BEGIN Supplied records
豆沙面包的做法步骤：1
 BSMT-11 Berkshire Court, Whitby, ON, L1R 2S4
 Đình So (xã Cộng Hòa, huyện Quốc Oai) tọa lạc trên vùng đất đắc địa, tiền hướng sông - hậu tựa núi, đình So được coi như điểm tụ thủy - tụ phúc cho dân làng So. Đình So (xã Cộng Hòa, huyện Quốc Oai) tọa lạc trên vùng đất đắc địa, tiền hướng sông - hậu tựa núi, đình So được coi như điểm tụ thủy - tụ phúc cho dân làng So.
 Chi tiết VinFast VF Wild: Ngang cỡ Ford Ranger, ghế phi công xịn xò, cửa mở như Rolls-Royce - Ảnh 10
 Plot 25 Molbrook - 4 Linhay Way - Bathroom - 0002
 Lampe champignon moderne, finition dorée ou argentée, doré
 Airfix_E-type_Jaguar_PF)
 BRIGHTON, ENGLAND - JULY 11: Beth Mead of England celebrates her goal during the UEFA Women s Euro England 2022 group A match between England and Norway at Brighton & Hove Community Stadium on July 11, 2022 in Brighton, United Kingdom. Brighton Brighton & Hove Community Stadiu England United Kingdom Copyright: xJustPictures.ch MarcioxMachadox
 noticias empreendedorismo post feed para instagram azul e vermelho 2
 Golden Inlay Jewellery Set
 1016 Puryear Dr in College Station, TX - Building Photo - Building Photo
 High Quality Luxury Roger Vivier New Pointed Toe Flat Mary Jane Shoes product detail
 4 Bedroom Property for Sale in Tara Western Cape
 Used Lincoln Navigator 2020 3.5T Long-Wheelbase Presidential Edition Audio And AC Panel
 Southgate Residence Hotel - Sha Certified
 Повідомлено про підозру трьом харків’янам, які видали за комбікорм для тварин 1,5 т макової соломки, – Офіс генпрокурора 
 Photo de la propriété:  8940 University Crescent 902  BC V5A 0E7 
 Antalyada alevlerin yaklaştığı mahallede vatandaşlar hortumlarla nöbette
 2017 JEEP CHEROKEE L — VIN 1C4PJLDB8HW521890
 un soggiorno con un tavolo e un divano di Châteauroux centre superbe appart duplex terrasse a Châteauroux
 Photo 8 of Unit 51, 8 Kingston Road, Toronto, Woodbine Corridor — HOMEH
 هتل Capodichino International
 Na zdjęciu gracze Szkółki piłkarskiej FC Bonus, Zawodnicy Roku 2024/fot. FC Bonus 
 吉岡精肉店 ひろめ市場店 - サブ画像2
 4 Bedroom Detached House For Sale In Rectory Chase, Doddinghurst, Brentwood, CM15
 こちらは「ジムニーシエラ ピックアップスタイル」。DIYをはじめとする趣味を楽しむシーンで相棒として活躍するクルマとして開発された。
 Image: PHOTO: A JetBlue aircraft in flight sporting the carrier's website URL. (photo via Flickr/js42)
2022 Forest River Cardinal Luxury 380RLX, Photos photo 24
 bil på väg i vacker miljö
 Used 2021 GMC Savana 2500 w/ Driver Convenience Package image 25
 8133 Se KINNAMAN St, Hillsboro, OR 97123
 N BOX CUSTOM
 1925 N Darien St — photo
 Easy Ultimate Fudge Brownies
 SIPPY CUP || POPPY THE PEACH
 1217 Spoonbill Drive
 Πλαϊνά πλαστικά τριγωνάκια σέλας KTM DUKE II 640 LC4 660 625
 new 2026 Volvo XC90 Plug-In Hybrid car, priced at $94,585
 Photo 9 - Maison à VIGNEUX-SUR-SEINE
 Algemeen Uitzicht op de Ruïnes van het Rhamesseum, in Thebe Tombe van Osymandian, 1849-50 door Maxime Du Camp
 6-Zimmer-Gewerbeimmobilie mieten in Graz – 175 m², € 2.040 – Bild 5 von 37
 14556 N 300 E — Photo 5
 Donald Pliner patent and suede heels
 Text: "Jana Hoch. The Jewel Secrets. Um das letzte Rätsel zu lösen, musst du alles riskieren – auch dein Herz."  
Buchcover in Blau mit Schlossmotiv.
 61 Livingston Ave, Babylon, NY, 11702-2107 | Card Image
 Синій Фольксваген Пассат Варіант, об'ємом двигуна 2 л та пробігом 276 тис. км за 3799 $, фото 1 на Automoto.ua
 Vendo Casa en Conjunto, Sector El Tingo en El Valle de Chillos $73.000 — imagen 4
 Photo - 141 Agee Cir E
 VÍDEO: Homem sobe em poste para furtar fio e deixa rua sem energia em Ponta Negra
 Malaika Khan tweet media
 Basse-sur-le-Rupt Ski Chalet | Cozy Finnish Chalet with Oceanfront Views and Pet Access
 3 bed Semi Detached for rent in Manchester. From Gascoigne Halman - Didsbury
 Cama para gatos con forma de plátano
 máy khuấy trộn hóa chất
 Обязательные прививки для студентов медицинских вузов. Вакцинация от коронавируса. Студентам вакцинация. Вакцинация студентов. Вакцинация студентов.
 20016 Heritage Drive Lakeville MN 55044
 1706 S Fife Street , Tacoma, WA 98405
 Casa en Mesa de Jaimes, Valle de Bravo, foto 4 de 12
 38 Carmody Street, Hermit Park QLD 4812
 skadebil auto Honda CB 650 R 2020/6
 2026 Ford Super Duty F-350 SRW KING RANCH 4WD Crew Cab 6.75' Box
END Supplied records
All lines from the top of the data through the line containing "BSMT-11 Berkshire Court, Whitby, ON, L1R 2S4" need to be retyped exactly, and nothing more.

> Your solution
豆沙面包的做法步骤：1
 BSMT-11 Berkshire Court, Whitby, ON, L1R 2S4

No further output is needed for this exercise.